In: Main9 Dec 2009
About 5 to 10% of trigeminal neuralgia has been considered to be symptomatic trigeminal neuralgias caused by brain tumors. Some of these patients complain of severe pain, which needs to be managed before surgical treatment. We present a case of symptomatic trigeminal neuralgia in which pain was relieved by trial stellate ganglion block (SGB).
A 29-year-old woman visited our hospital with complaints of sharp, shooting facial pain and continuous tingling pain. Approximately 4 years before presentation, numbness and a tingling pain developed in the left ala of the nose and over the infraorbital region. These symptoms disappeared 1-2 months later. Dental evaluation could not identify the cause. The sharp, shooting pain occasionally recurred briefly until presentation. discount drugs canda
Figure 1. Computerized tomography scanning shows no abnormalities.
The patient sought evaluation with our group when the pain recurred and increased in severity. The sharp, shooting pain was triggered by light touch applied to the infraorbital region or was induced by moving the angle of the mouth with a dental mirror. The pain lasted for about 1 minute, and the patient was unable to move during that time. Nocturnal pain was absent. Upon dental examination, the discomfort was found to be caused by percussion to the left maxillary incisor without any other clinical findings. There was an area of hypoesthe-sia at the infraorbital region. The remainder of the physical evaluation was essentially normal. Radiographs of the skull and a panoramic radiograph showed no abnormalities. Because of her age and nonclassical symptoms, symptomatic trigeminal neuralgia induced by an intracranial tumor was suspected. The next day, a computed tomography (CT) scan was performed, and it showed no mass signal (Figure 1). The patient was placed on a trial course of carbamazepine with onlv slight improvement for a short period. Magnetic resonance imaging (MRI) was scheduled for 2 weeks later. However, the pain increased in intensity and frequency, and the patient returned to the hospital 2 days later. SGB was applied to the C6 region with 5 mL of me-pivacaine. After the SGB with transient nausea and dizziness, the pain was noticeably relieved, and the effect lasted until she received the surgery. MRI was carried out on the scheduled day. On both axial and coronal MRI images, a mass was identified in the left cerebellopontine angle (Figure 2). At surgery, the mass was subtotally removed using a left lateral suboccipital approach. The tumor was observed among the cranial nerves, and the fifth cranial nerve was embedded in it. On the fourth postoperative day, brain edema developed and consciousness level decreased. However, successful drainage was carried out. Histological examination demonstrated an epidermoid tumor filled with ke-ratinous and sebaceous material. Surgery has relieved the facial pain up to the present time (approximately 5 years).

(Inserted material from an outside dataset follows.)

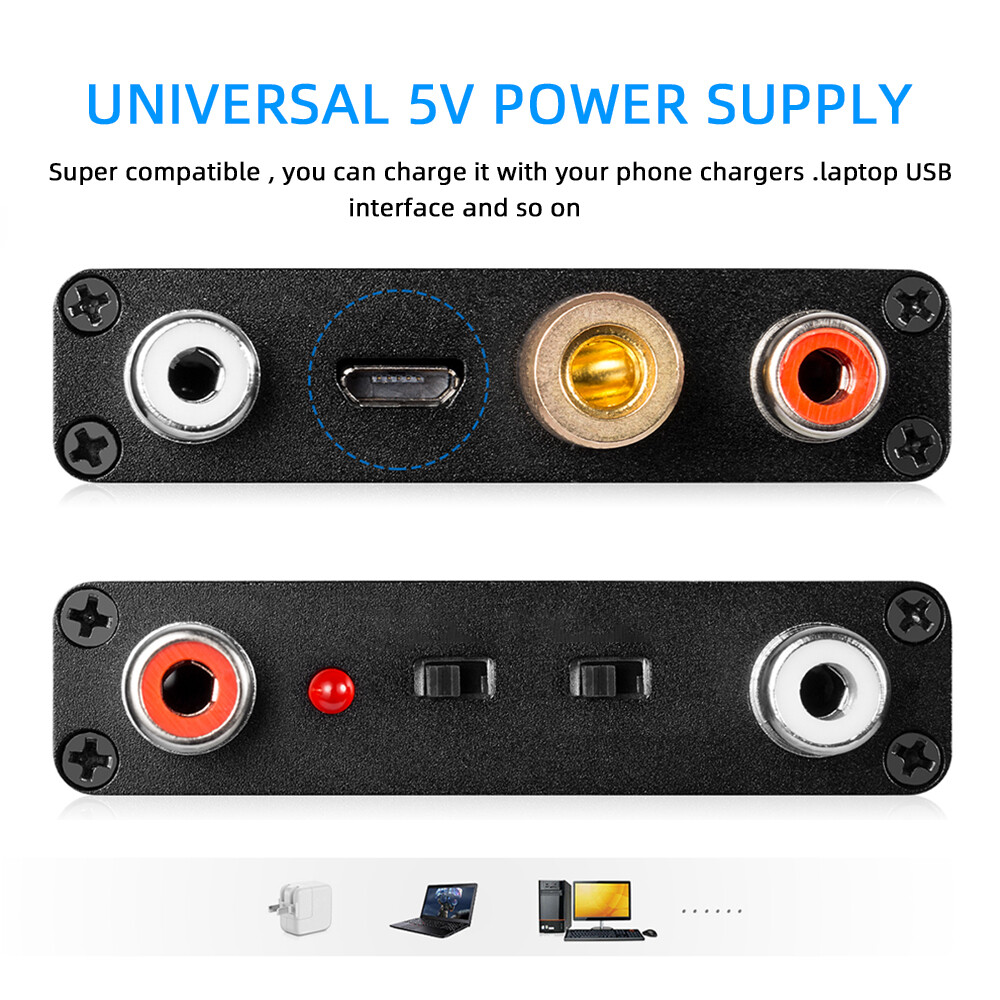 【Hàng Có Sẵn】bộ Tiền Khuếch Đại Phono Mini Aideepen Nguyên Bản Bộ Khuếch Đại Phono MM/MC
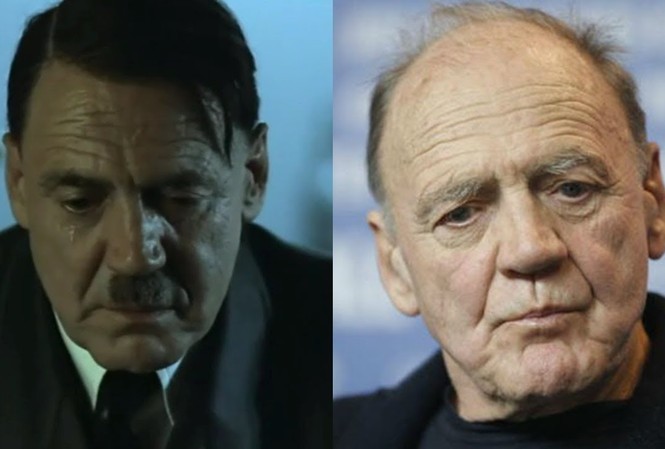 Diễn viên thủ vai trùm phát xít Hitler trong phim Downfall qua đời Nam diễn viên Bruno Ganz (phải), người nổi danh với vai diễn trùm phát xít Đức Adolf Hitler, vừa qua đời ở tuổi 77 tại Thụy Sĩ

Figure 2. (A and B) Axial magnetic resonance images demonstrate a mass in the left cerebellopontine angle. A low-signal division in a Tl-weighted image (A) and a high-signal division in the T2-weighted image (B) are shown.
Blog invites submissions of review articles, reports on clinical techniques, case reports, conference summaries, and articles of opinion pertinent to the control of pain and anxiety in dentistry.